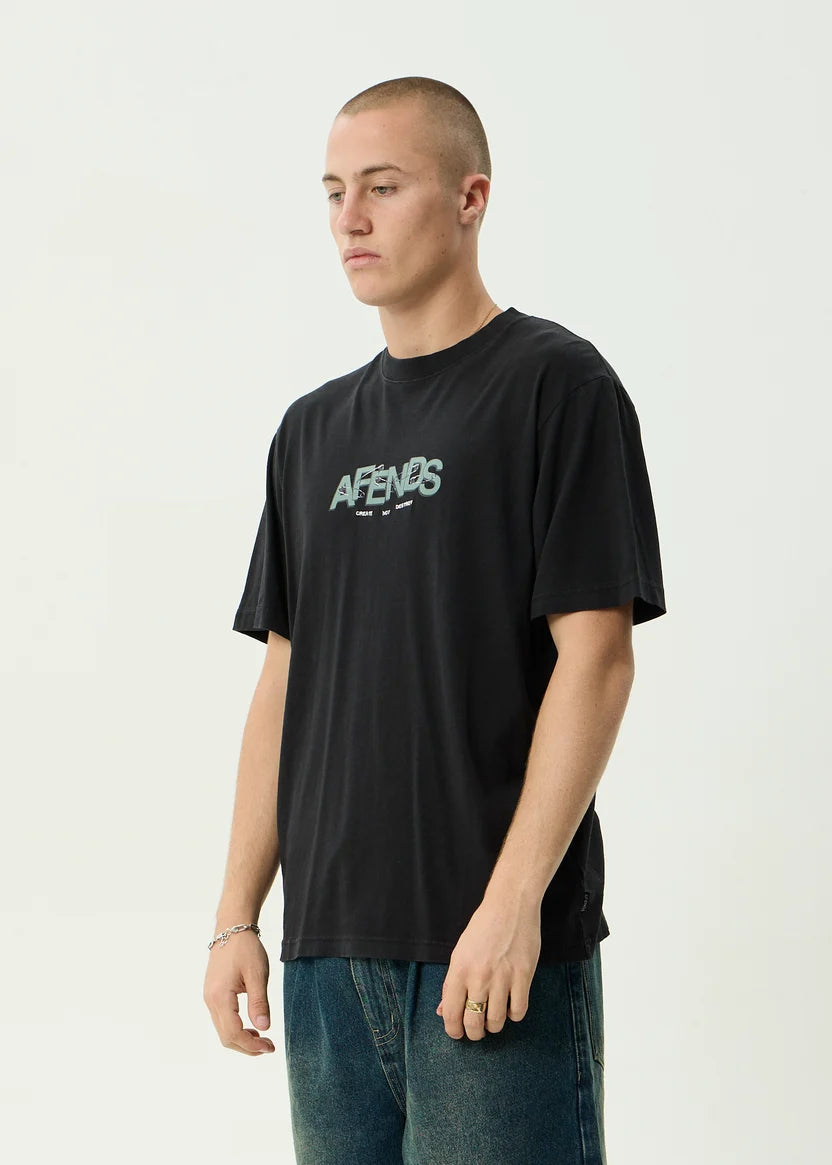 AFENDS SAFETY RETRO TEE - STONE BLACK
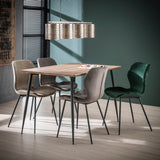Eetkamerstoelen - Set van 4 eetkamerstoelen Argo Velours champagne - Dimehouse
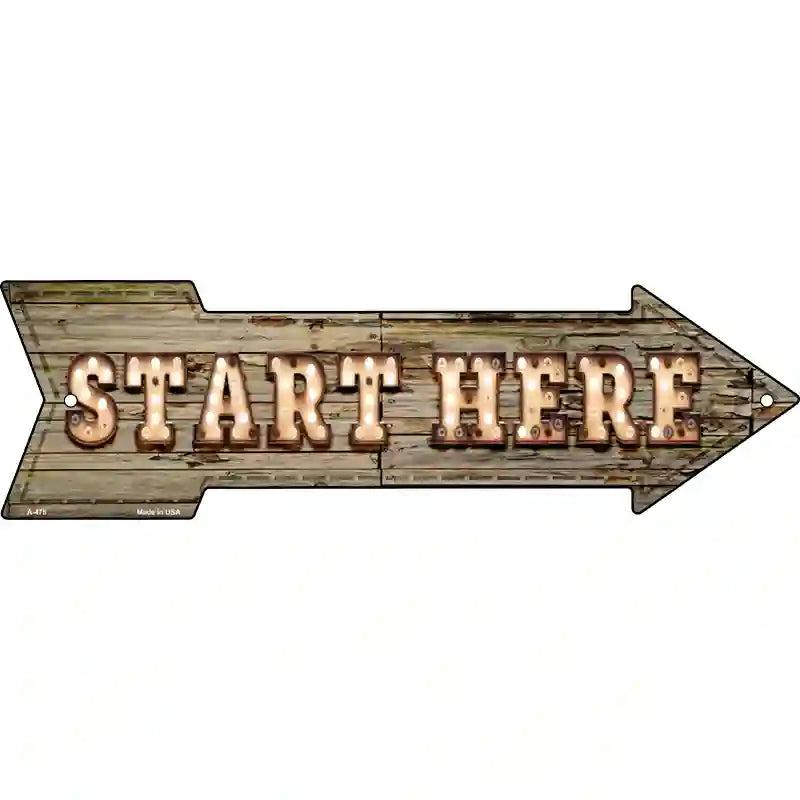 Start Here Bulb Letters Novelty Metal Arrow Sign image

### What you have to do:
Transcribe the whole listing, character for character, but not its images.

### Result below:
 AFENDS SAFETY RETRO TEE - STONE BLACK
Eetkamerstoelen - Set van 4 eetkamerstoelen Argo Velours champagne - Dimehouse
 Start Here Bulb Letters Novelty Metal Arrow Sign image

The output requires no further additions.